Nous avons parlé de la réforme du programme d'études. Selon une récente étude faite à l'Université York, les trois domaines les plus recherchés par les employeurs et qui revêtent le plus d'importance pour l'ensemble de la population sont l'esprit critique, la résolution de problèmes et l'art de la communication. Or, on ne décèle aucune amélioration en matière d'esprit critique et de résolution de problèmes chez les étudiants en lettres et en sciences à la fin des études. Pire encore, les notes ne se rapportent nullement aux capacités de l'étudiant en matière d'esprit critique et de résolution de problèmes.
Les universités ne devraient pas uniquement se contenter de présenter de nouveaux programmes d'études aux étudiants et de s'attendre à des résultats. Un étudiant en lettres m'a d'ailleurs dit que dans un programme de lettres, on apprend uniquement à régurgiter des théories. Or, tout programme menant à un diplôme devrait donner aux étudiants la capacité d'apprendre et d'appliquer les connaissances acquises.
Nous demandons aux sénateurs de prendre note de certaines des recommandations que nous faisons, y compris la création d'un passeport d'études, reconnaissant que les formes d'éducation seront plus souples dans l'avenir en raison de la réalité de la vie et de l'expérience de travail. De même, nous proposons de trouver des moyens d'aider les étudiants qui reprennent leurs études, surtout ceux qui ont des familles à charge, pour qu'ils puissent terminer leurs cours plus rapidement.
Les étudiants devraient appliquer leurs compétences au sein de la collectivité.

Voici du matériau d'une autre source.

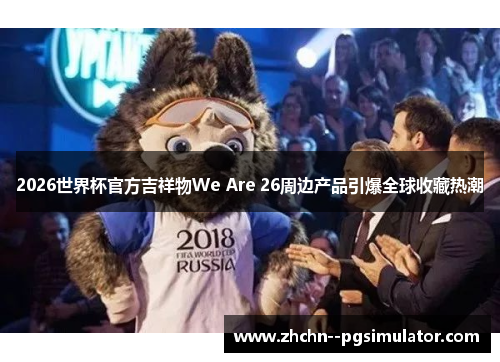2026世界杯官方吉祥物We Are 26周边产品引爆全球收藏热潮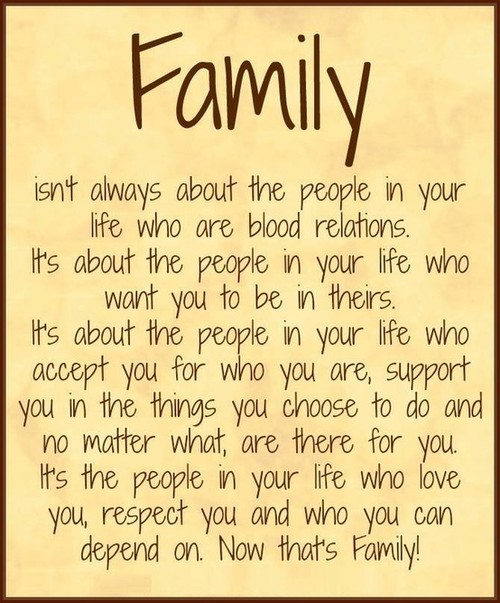 FAMILY isn't always about the people in your life who are blood relations. It's about the people in your life who want you to be in theirs. It's ...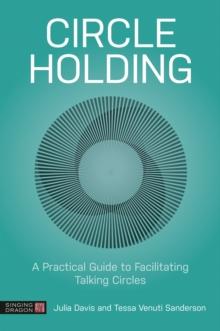 Circle Holding : A Practical Guide to Facilitating Talking Circles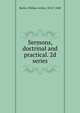 Sermons, doctrinal and practical. 2d series, Butler, William Archer, 1814?-1848 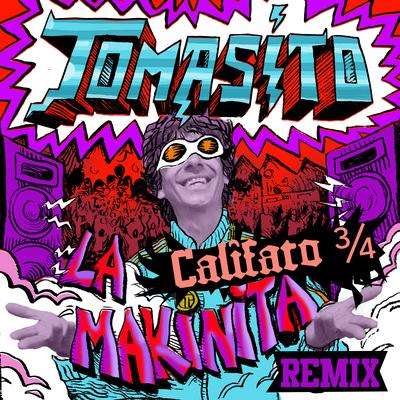 La Makinita (Califato ¾ Remix)'s cover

Il faudrait penser à des programmes alternance travail-études qui donnent de véritables expériences de travail. Les étudiants en commerce devraient participer à la création d'entreprises dans les collectivités et obtenir des crédits à cet égard. Les étudiants en éducation pourraient aider le gouvernement à organiser des classes d'alphabétisation. Les étudiants en sociologie pourraient s'occuper bénévolement de certains problèmes sociaux et mettre en pratique ce qu'ils ont appris. Non seulement arriverait-on à créer un esprit d'entraide dans le pays, mais les étudiants seraient également en mesure d'appliquer les connaissances acquises.
Il faudrait concevoir des diplômes d'arts appliqués qui créent une synergie entre nos universités et nos collèges de façon que nos penseurs apprennent à travailler et à nos travailleurs à penser. Il faudrait combiner l'esprit critique à la résolution de problèmes.
Il faudrait réformer la gestion des universités. À l'heure actuelle, les conseils des gouverneurs sont composés de bénévoles qui se réunissent deux ou trois fois par an. Il arrive qu'ils reçoivent 400 pages de notes deux jours avant leur réunion -- il n'est donc pas étonnant que les universités ne semblent pas responsables. Davantage d'intervenants et de militants communautaires devraient siéger au sein des conseils des gouverneurs. Il faudrait prévoir une période d'orientation obligatoire pour les membres des conseils des gouverneurs de manière qu'ils se familiarisent avec les questions financières et de gestion des universités.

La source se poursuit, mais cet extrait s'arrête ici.